* _EXERCISE_
Nothing but the lines from the one that contains "this 1270×952 image." through the end of the data should be reproduced, and each must match exactly.
>>>>>
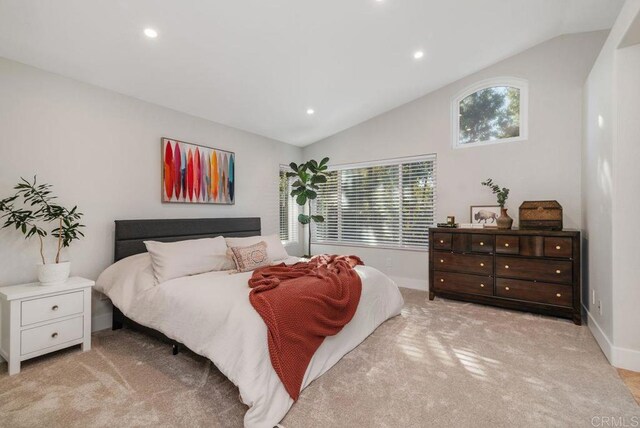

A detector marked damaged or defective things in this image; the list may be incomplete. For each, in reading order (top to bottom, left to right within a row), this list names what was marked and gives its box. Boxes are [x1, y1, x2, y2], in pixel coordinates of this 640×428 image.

rust throw blanket [248, 254, 362, 402]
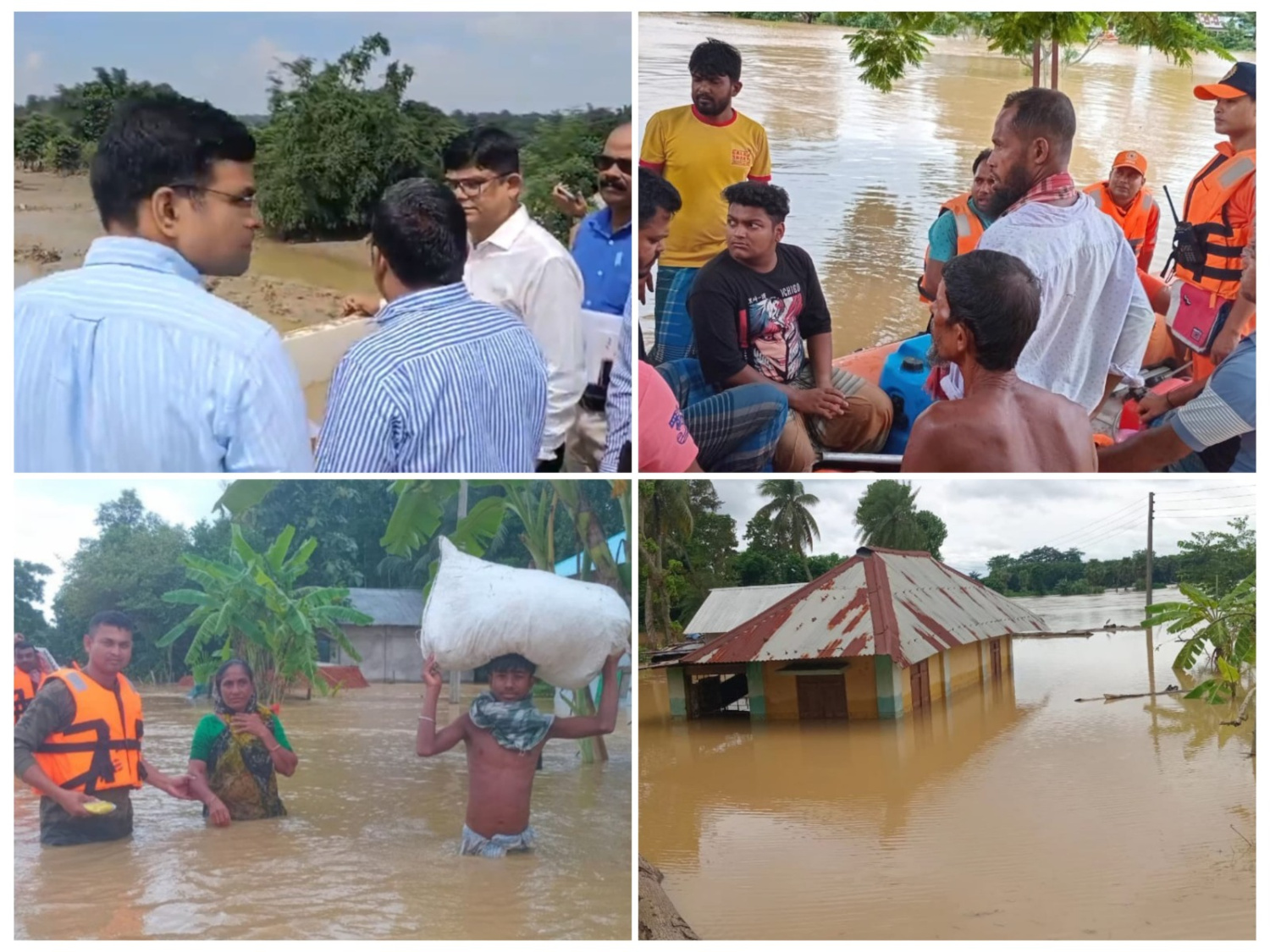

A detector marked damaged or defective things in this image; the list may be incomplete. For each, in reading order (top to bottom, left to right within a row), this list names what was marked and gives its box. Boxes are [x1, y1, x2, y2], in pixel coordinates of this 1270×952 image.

rusty corrugated roof [686, 586, 803, 637]
rusty corrugated roof [681, 548, 1046, 665]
<<<<<
* _RESULT BELOW_
A detector marked damaged or defective things in this image; the list may be incomplete. For each, in reading order (top to bottom, left to right within a row), this list names what was marked and gives its box. Boxes are [x1, y1, x2, y2], in pixel coordinates of this 1270×952 image.

rusty corrugated roof [686, 586, 803, 637]
rusty corrugated roof [681, 548, 1046, 665]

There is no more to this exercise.